**WHAT TO WORK ON:** What follows is a listing to be transcribed exactly.

**DATA TO USE:**
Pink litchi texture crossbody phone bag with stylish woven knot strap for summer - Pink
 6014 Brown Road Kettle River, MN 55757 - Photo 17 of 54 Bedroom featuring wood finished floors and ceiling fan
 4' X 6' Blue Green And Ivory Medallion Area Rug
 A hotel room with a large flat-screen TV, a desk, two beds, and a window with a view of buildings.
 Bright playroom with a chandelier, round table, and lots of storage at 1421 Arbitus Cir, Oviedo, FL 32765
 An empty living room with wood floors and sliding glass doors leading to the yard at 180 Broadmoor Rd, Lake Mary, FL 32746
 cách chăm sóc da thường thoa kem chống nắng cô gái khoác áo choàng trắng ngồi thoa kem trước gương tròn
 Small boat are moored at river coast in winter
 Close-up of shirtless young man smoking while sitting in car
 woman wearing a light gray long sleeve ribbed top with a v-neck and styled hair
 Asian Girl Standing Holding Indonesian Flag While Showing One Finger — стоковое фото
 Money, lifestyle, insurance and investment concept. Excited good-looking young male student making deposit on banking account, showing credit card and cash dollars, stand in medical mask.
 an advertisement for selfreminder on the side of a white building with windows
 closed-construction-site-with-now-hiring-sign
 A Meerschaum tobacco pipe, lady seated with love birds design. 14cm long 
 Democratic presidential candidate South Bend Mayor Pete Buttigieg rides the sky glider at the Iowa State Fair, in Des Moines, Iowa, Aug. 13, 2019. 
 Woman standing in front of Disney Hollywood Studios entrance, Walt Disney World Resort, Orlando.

**COMPLETED TASK:**
Pink litchi texture crossbody phone bag with stylish woven knot strap for summer - Pink
 6014 Brown Road Kettle River, MN 55757 - Photo 17 of 54 Bedroom featuring wood finished floors and ceiling fan
 4' X 6' Blue Green And Ivory Medallion Area Rug
 A hotel room with a large flat-screen TV, a desk, two beds, and a window with a view of buildings.
 Bright playroom with a chandelier, round table, and lots of storage at 1421 Arbitus Cir, Oviedo, FL 32765
 An empty living room with wood floors and sliding glass doors leading to the yard at 180 Broadmoor Rd, Lake Mary, FL 32746
 cách chăm sóc da thường thoa kem chống nắng cô gái khoác áo choàng trắng ngồi thoa kem trước gương tròn
 Small boat are moored at river coast in winter
 Close-up of shirtless young man smoking while sitting in car
 woman wearing a light gray long sleeve ribbed top with a v-neck and styled hair
 Asian Girl Standing Holding Indonesian Flag While Showing One Finger — стоковое фото
 Money, lifestyle, insurance and investment concept. Excited good-looking young male student making deposit on banking account, showing credit card and cash dollars, stand in medical mask.
 an advertisement for selfreminder on the side of a white building with windows
 closed-construction-site-with-now-hiring-sign
 A Meerschaum tobacco pipe, lady seated with love birds design. 14cm long 
 Democratic presidential candidate South Bend Mayor Pete Buttigieg rides the sky glider at the Iowa State Fair, in Des Moines, Iowa, Aug. 13, 2019. 
 Woman standing in front of Disney Hollywood Studios entrance, Walt Disney World Resort, Orlando.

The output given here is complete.